Where Wright and Kosky’s production of Women of Troy was created during the War on Terror – another endless war, Troy was inspired by Russia’s invasion of Ukraine, but is informed by the ongoing conflict and genocide in Gaza. Wars rage on and this play, based on myth, legend and history, is as vital today as stories of Troy have ever been.

Wright’s text is a patchwork of vignettes that bring these stories to life directly and indirectly. We watch as Cassandra prays to Apollo for the gift of sight, while he intones “take off your clothes” over and over again. We watch as Clytemnestra is interrogated about why the siege of Troy is happening: she relates a story of internecine strife, leading to a parade of details surrounding why they are at war without a clear explanation. We see archaeologists trying to uncover the truth. Three men on a podcast just asking questions. The play slides forwards and backwards, adding detail but introducing speculation at every turn.

This is the world.

Director Ian Michael, who recently led a production of Wright’s Hanging Rock for Sydney Theatre Company, has created a show that both stands on ceremony and plays with the form. There are moments of great portent, mixed with sly jokes. Scenes that are deliberately paced and others that breeze along.

The design team Michael has assembled has created a show full of searing imagery and bone-shaking jolts. Across Barber’s set plays Paul Jackson’s lighting that paints night and day and a troubling dusk. When the powers of the Gods strike, a swathe of colour gives way to the blackest of blacks. Marco Cher’s sound design is exquisite as it rumbles through the auditorium as if in a storm and then peppers our ears with cracks of power and then a rain of gunfire.

If this play is the story of any one character, it is that of Cassandra – cursed to know everything and never be believed. Her attempts to pass on knowledge aren’t just misheard but misunderstood and egregiously misinterpreted. At first, her experiences echoed those of most women I know – spoken over at meetings or disbelieved when reporting abuse or worse. As she struggled with even leaving a mark or a recording of her reality, it felt like a commentary on fake news or our increasing inability to sift misinformation from the truth. Truth, of course, being the first casualty of war.

Elizabeth Blackmore’s Cassandra starts off as a child, then becomes a surly teenager and the turns she takes as the character marches toward her fated doom are a striking mix of humorous and bleak. The tonal shifts Blackmore makes are impressive in their richness – a stunning, fully formed performance.

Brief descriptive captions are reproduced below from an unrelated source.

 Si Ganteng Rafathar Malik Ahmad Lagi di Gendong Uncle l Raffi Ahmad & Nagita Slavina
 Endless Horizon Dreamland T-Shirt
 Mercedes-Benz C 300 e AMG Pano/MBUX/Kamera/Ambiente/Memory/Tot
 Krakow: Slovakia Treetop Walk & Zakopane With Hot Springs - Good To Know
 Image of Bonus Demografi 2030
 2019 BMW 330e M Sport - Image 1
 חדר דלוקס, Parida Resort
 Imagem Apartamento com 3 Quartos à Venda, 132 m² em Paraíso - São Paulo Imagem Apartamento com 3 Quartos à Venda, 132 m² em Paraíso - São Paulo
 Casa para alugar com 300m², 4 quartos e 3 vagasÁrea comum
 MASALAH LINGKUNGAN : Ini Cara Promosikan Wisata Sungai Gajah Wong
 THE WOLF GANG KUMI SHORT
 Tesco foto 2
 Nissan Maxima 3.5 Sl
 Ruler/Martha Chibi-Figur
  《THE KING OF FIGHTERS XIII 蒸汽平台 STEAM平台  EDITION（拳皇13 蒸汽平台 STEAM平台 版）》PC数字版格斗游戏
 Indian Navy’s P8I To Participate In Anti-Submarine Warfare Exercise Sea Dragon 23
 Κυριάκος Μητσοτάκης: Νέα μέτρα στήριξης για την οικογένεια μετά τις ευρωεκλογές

Ciline Ajobong’s turn as Iphigenia is arresting because of the character's boldness, evolving from manipulated child of the king toward  a more ruthless destructive streak. Her frightening repetition of “I am a bomb” will ring in my head for a while.

Danny Ball and Lyndon Watts bring some erotically-charged chemistry as Achilles and Patroclus, though Watts is even more memorable as a shrouded Helen of Troy – his ethereal vocals echoing throughout the space. Helen is a figure of much discussion in this play but she is a more mystical presence, haunting the stage and the city itself. Is she a convenient excuse to continue a war? She is only one dot point in Clytemnestra’s list, but she continues to be a cornerstone of the conflict, whether she deserves to be or not.

Late in Troy, as the dramatic tension ramps up and the Trojan horse unfurls to release an enemy onslaught; there’s a sequence of destruction that is both stylised and visceral. Bodies flung to the ground violently. The sounds of explosions and the strafing of gunfire. People struggling to cross an open field, a sand drift, the steep stairs. Falling down dead. Over and over and over. It’s unsettling. It’s upsetting.

But this is the world. It’s not the same as watching deaths and starvation and the genocide in Gaza, but I felt it in my chest the same way. The relentlessness. The helplessness. The inhumanity and history's cycles of violence.

The play isn’t hopeless, though. It isn’t nihilistic. It’s just clear that this story is told and retold because it is history and it is the present. And the story of stolen land, colonised and conquered, is not just a story of myth or of lands far away.

This is the world.

And this country.

Troy is remarkable in its vision and scope. A towering achievement.